Lowell Libson & Jonny Yarker Ltd

  • Black and white chalks on blue paper
  • 8 ½ × 11 ⅛ inches · 215 × 282 mm
  • Drawn c. 1786

Collections

  • Thomas Sandby (1721-1798), with his bookplate on the verso of the eighteenth century backing sheet, presumably acquired from the artist; 
  • Sandby sale, Sotheby, 18-21 July 1799;
  • Charles Sackville Bale (1791-1880);
  • Bale sale, Christie, 13-14 & 16 May 1881, lot 385;
  • John Postle Heseltine (1843-1929), to 1912 (Lugt. 1507) his stamp on the backing sheet;
  • P. & D. Colnaghi and Obach;
  • Private collection France, 2019

Literature

  • J.P. Heseltine, Original Drawings by British Painters in the collection of J.P.H., privately printed, 1902, no. 10, repr.;
  • To be included by Hugh Belsey in any forthcoming supplement to John Hayes’s catalogue raisonné of Gainsborough’s drawings.

Made in the late 1780s, this highly expressive drawing ranks as one of Gainsborough’s most evocative final landscape studies.

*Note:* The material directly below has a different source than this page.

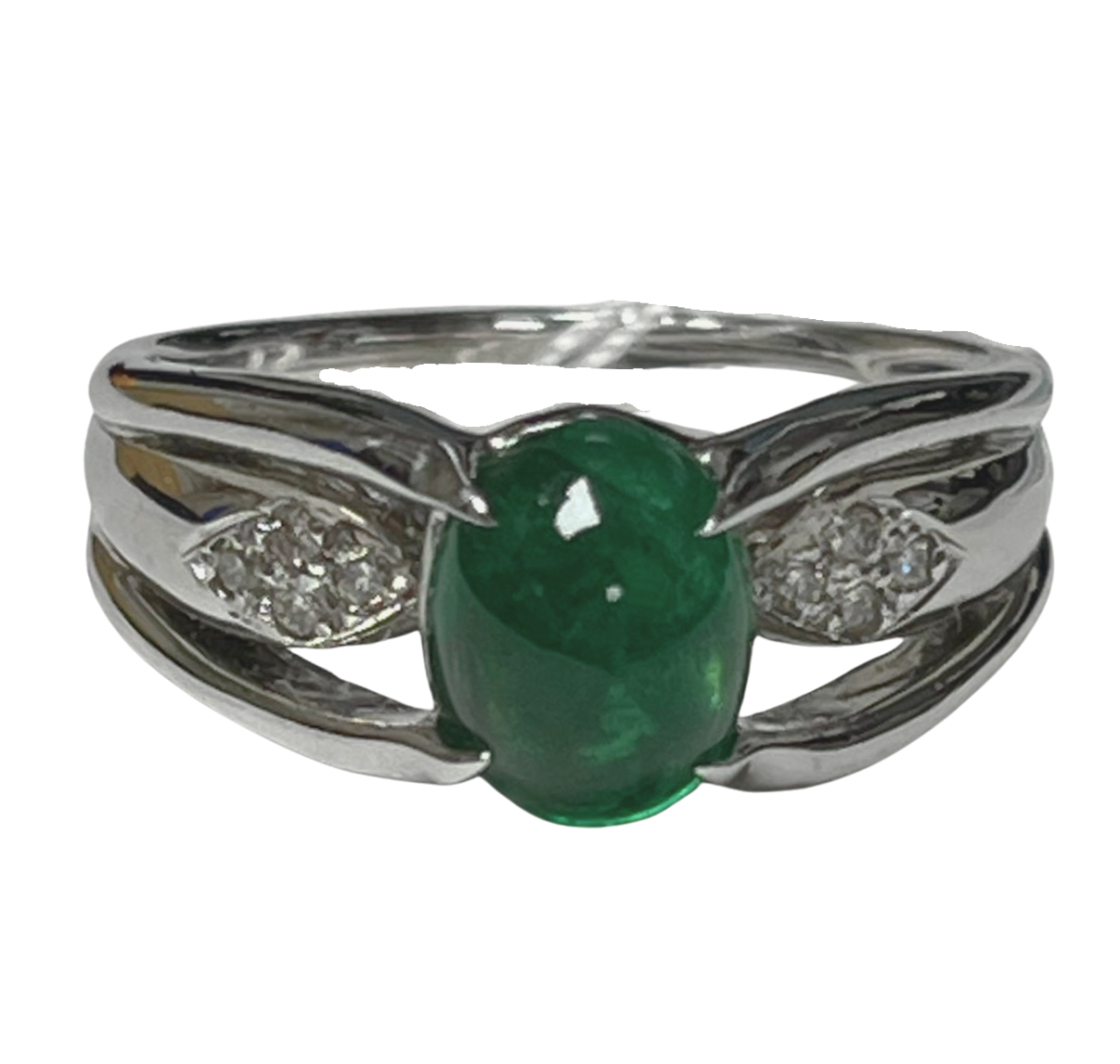 PT900 Emerald With Diamonds Ring 9.8G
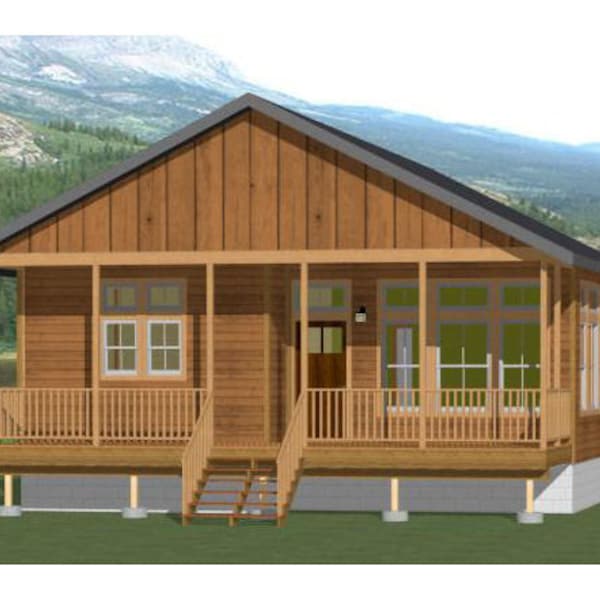 30x40 House -- 2-Bedroom 2-Bath -- 1,136 sq ft -- PDF Floor Plan -- Instant Download -- Model 1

Rendered in black and white chalk on delicate, blue laid paper the drawing is preserved in exceptional condition. This sheet is unusual for having an eighteenth-century provenance, first being recorded in the collection of Gainsborough’s friend, and fellow founder member of the Royal Academy, Thomas Sandby. The drawing itself combines compositional motifs that appear in many of Gainsborough’s late drawings: a dense thicket of trees, sandy banks, a serpentine track and a donkey pulling a cart and its solitary occupant. These were elements Gainsborough continually returned to in his landscapes, combining and refining them to produce ever more complex and impactful works. This exceptional drawing belongs to a group of works on blue paper which appear, at first sight, almost unfinished, but which we know Gainsborough considered complete works of art. It was this group of enigmatic and apparently informal drawings, which were particularly in demand by contemporaries. Early commentators recognised the power of these ‘thoughts, for landscape scenery’ and explicitly linked them to newly codified aesthetic concepts, such as the sublime. As such, this sheet demands to be read, not within the rather limited context of eighteenth-century British landscape drawing but within the broader context of European Romanticism, where landscape was explicitly designed to elicit an emotional response.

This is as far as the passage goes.